Le sujet du voile soulève régulièrement des tollés en France, pays viscéralement attaché à la laïcité, suscitant souvent l’incompréhension à l’étranger.
Il a été relancé lorsqu’un élu d’extrême droite a pris à partie une mère voilée accompagnant un groupe d’enfants venu assister à une séance du conseil régional de Bourgogne-Franche-Comté (centre-est) vendredi, provoquant les pleurs de son fils et l’indignation d’autres élus.
Deux Français sur trois (66%) sont favorables à l’interdiction de signes religieux ostensibles, comme le port du voile, aux parents d’élèves qui accompagnent les sorties scolaires, selon un sondage Ifop-Fiducial diffusé lundi.
La loi française interdisant d’arborer des « signes religieux ostentatoires » (voile, kippa…) à l’école, les autorités avaient demandé aux accompagnateurs de sorties scolaires de ne pas en porter. Mais une étude du Conseil d’Etat, la plus haute juridiction administrative française, avait ensuite relevé que les accompagnants n’étaient pas soumis à la neutralité religieuse imposée aux enseignants.

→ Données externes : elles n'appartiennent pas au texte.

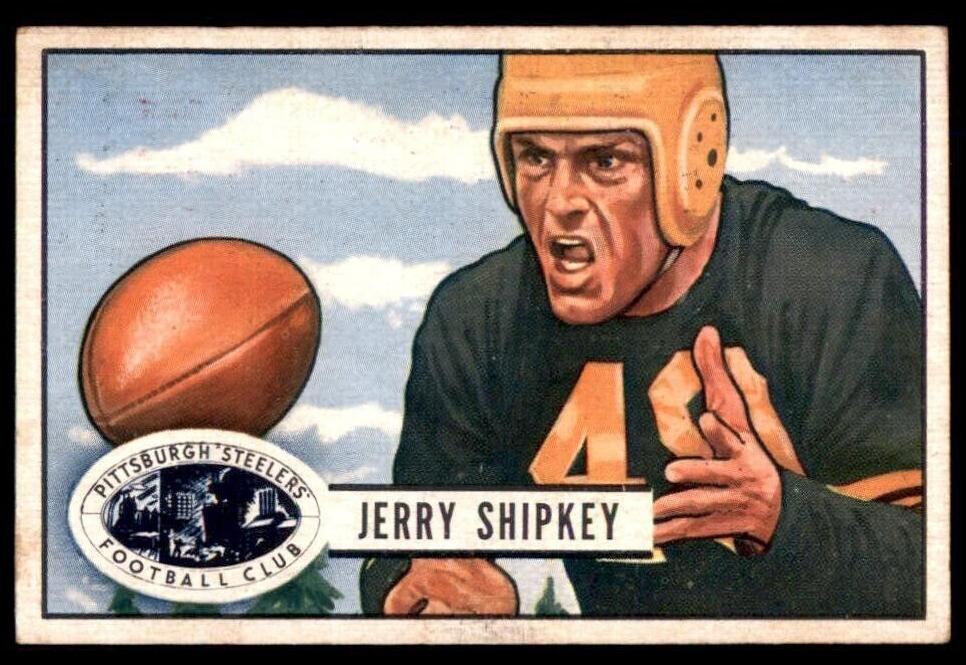 1951 Bowman Football Jerry Shipkey #59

Le Sénat doit s’emparer du sujet la semaine prochaine, avec l’examen en commission d’une proposition de loi déposée par la droite.
Si le ministre de l’Education nationale Jean-Michel Blanquer a rappelé dimanche que « la loi n’interdit pas aux femmes voilées d’accompagner les enfants », il a ajouté: « le voile en soi n’est pas souhaitable dans notre société », en épinglant « ce que cela dit sur la condition féminine, ce que cela dit à nos valeurs ».

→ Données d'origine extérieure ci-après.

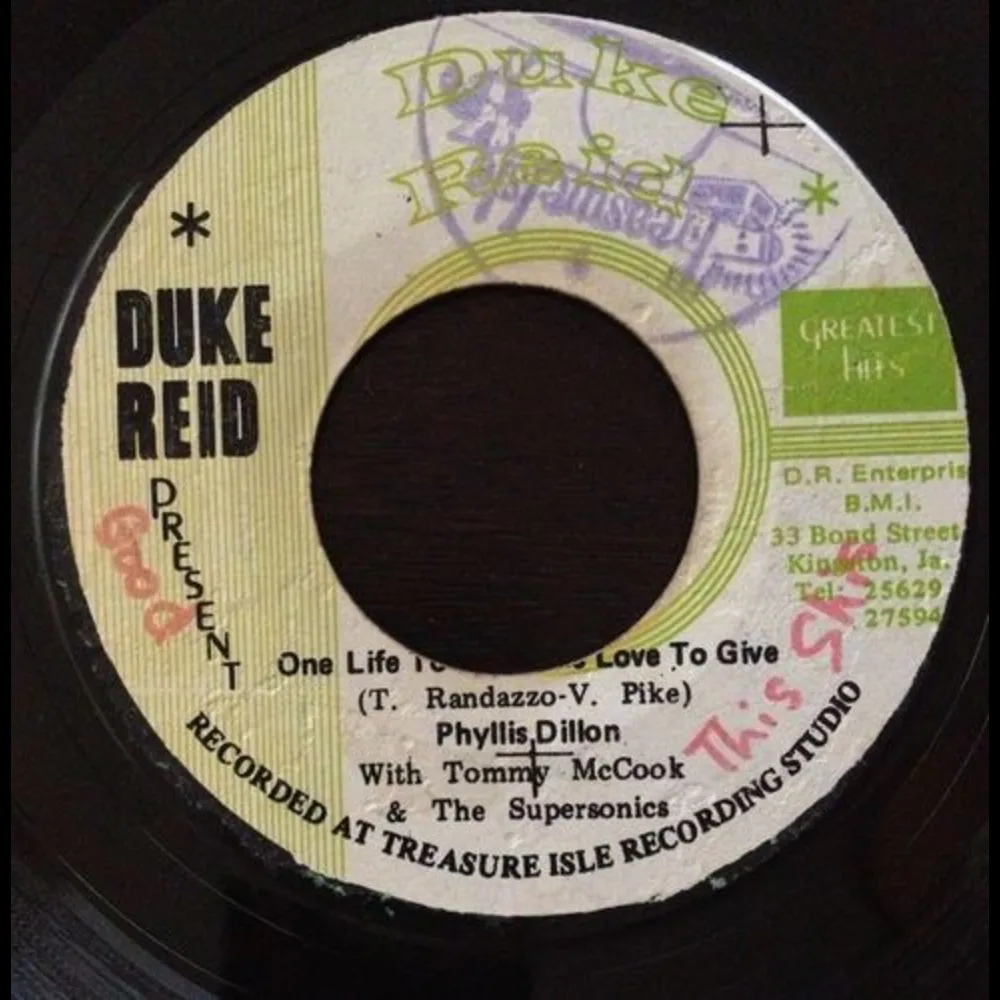 Phyllis Dillon & Tommy McCook & The Supersonics - One Life To Live One Love To Give / My Best Dress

M. Blanquer a été rejoint lundi par le ministre de l’Economie Bruno Le Maire et celui des Comptes publics Gérald Darmanin, issus de la droite.
« Il faut savoir quelle culture nous voulons défendre. Moi je porte une culture dans laquelle la religion reste dans la sphère intime, privée et n’a pas sa place sur l’espace public », a dit M. Le Maire.
« Je préfèrerais que les femmes en République, en France, ne portent pas le foulard », a déclaré M. Darmanin, tout en estimant que « ce n’est pas ça le problème fondamental de la République ».
Mais le sujet ne fait pas l’unanimité au sein du gouvernement, le porte-parole Sibeth Ndiaye reconnaissant des « débats ».
– Absence de ligne claire –
« Ca a été toujours des moments positifs parce que vous faites se rencontrer des femmes comme moi et des femmes qui sont voilées, qui ne vivent pas forcément dans des univers identiques et vous pouvez avoir de l’échange », et ainsi favoriser leur « inclusion », a-t-elle témoigné, en relatant les sorties scolaires auxquelles elle a participé.
Issu de la gauche comme Mme Ndiaye, le secrétaire d’Etat au Numérique Cédric O a invoqué son enfance à Villeurbanne, près de Lyon (centre-est) durant laquelle des mères voilées accompagnaient parfois les sorties scolaires. « Jamais, cela n’a posé problème. Jamais, je n’ai assisté à un quelconque prosélytisme », a-t-il insisté sur Twitter.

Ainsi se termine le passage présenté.